#### PROBLEM TO WORK ON:
Each entry below should appear again exactly as written, without pictures.

Web page caption snippets:
----------------------------------------

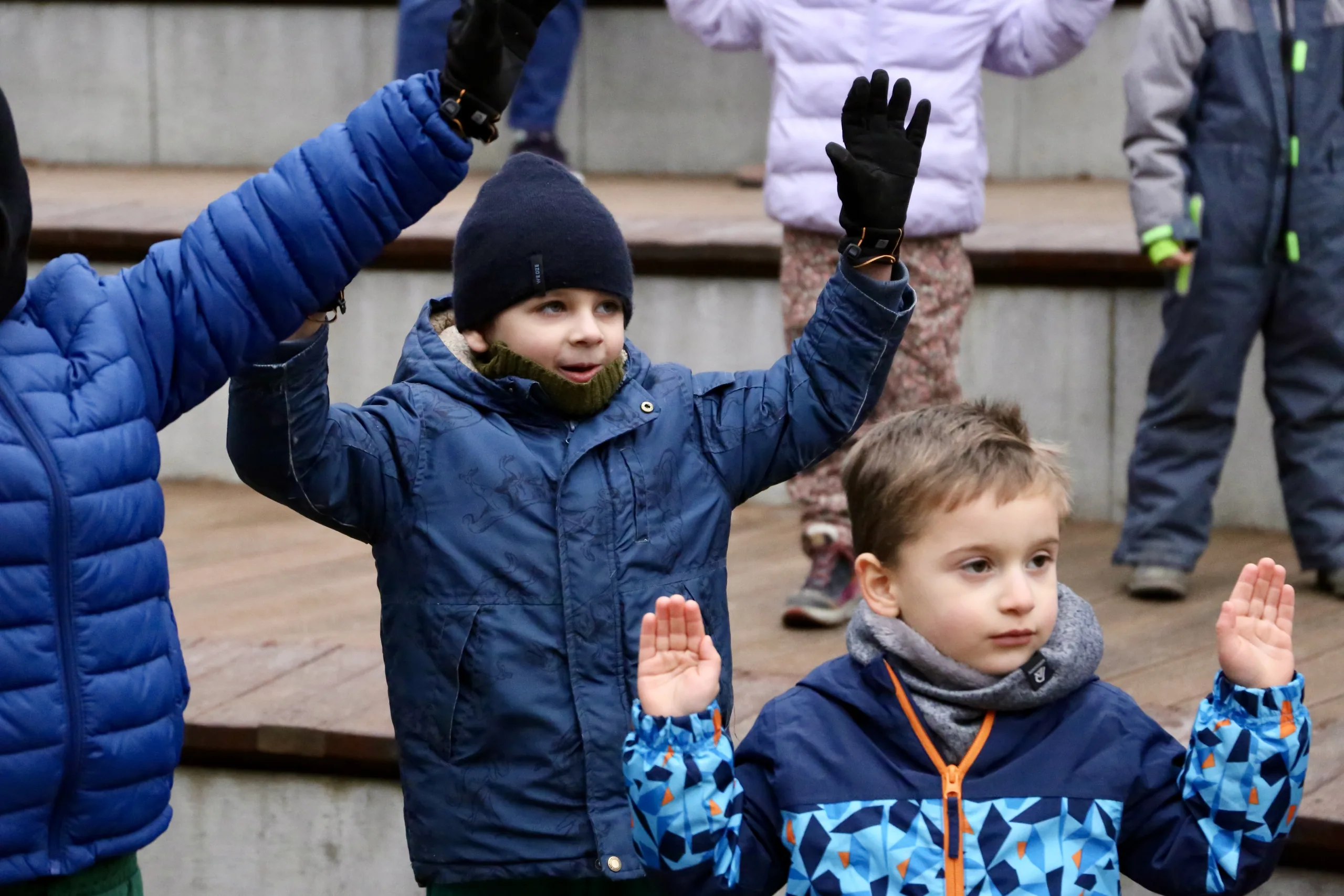 14.12.2024 Świąteczna Impreza w Parku Kultury w Powsinie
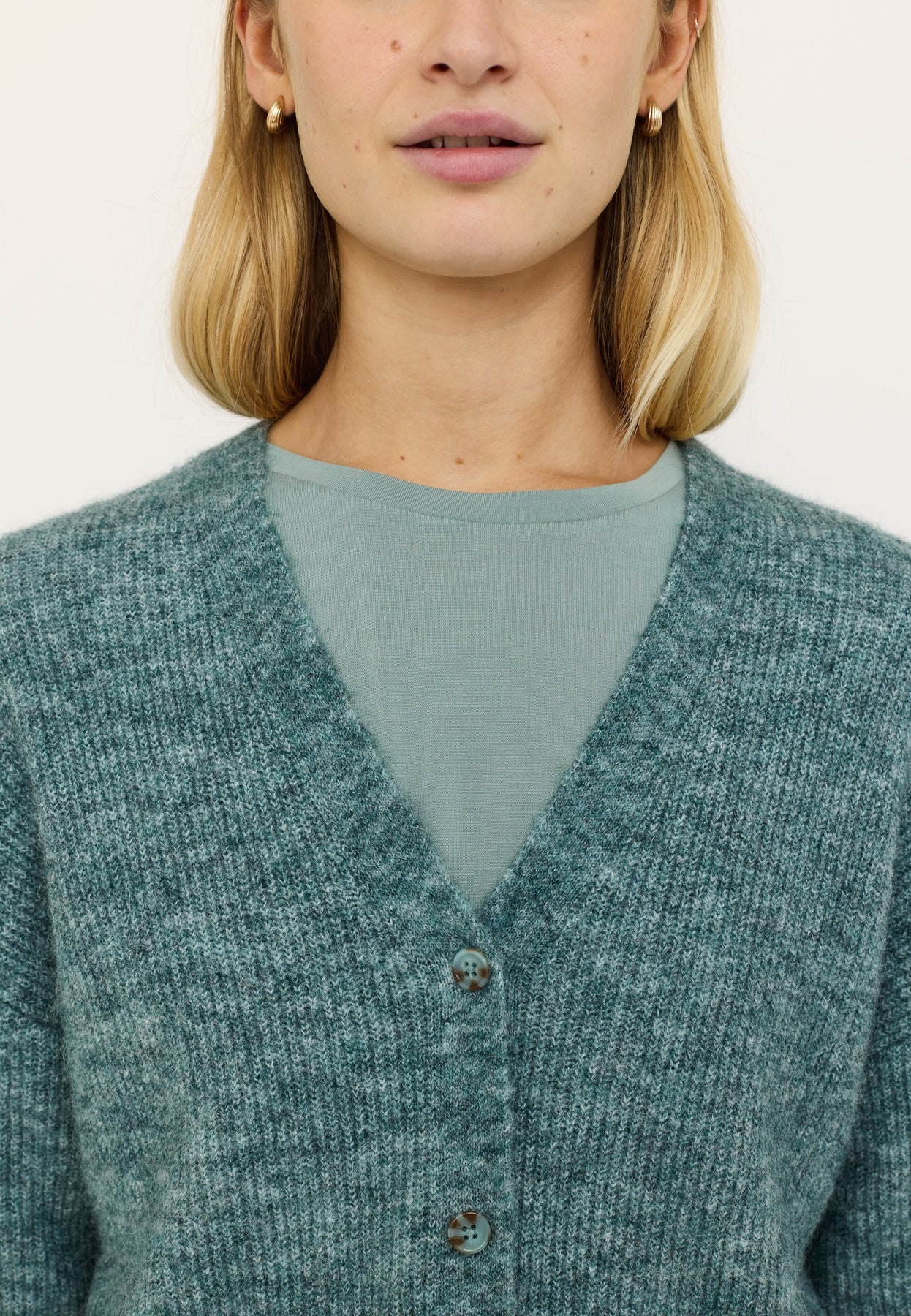 SRAlliy Cardigan Knit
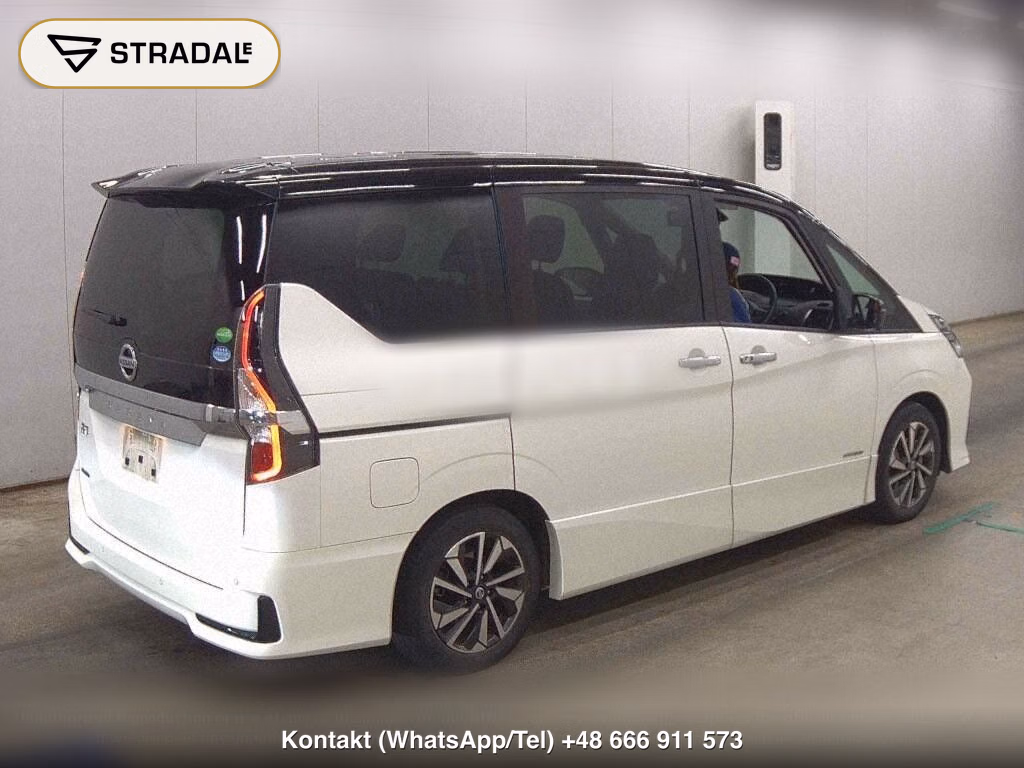 NISSAN SERENA 5D HIGHWAY STAR V, miniaturka 6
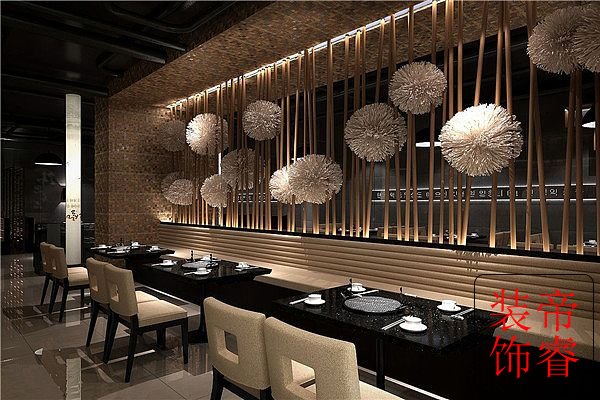 成都工装公司,成都烧烤店装修1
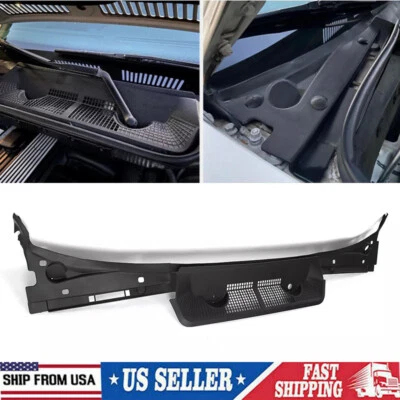 #51711977677 For BMW E36 Coupe 318i 328i M3 1992-99 Windshield Wiper Cowl Cover Foto 1 de 4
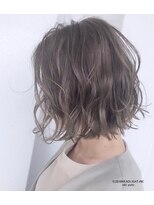 ソーエン バイ ヘッドライト 西葛西店(soen by HEADLIGHT) Moana西葛西#ブリーチ無し透明感カラー#パーマボブ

----------------------------------------

#### WORKED SOLUTION:
 14.12.2024 Świąteczna Impreza w Parku Kultury w Powsinie
 SRAlliy Cardigan Knit
 NISSAN SERENA 5D HIGHWAY STAR V, miniaturka 6
 成都工装公司,成都烧烤店装修1
 #51711977677 For BMW E36 Coupe 318i 328i M3 1992-99 Windshield Wiper Cowl Cover Foto 1 de 4
 ソーエン バイ ヘッドライト 西葛西店(soen by HEADLIGHT) Moana西葛西#ブリーチ無し透明感カラー#パーマボブ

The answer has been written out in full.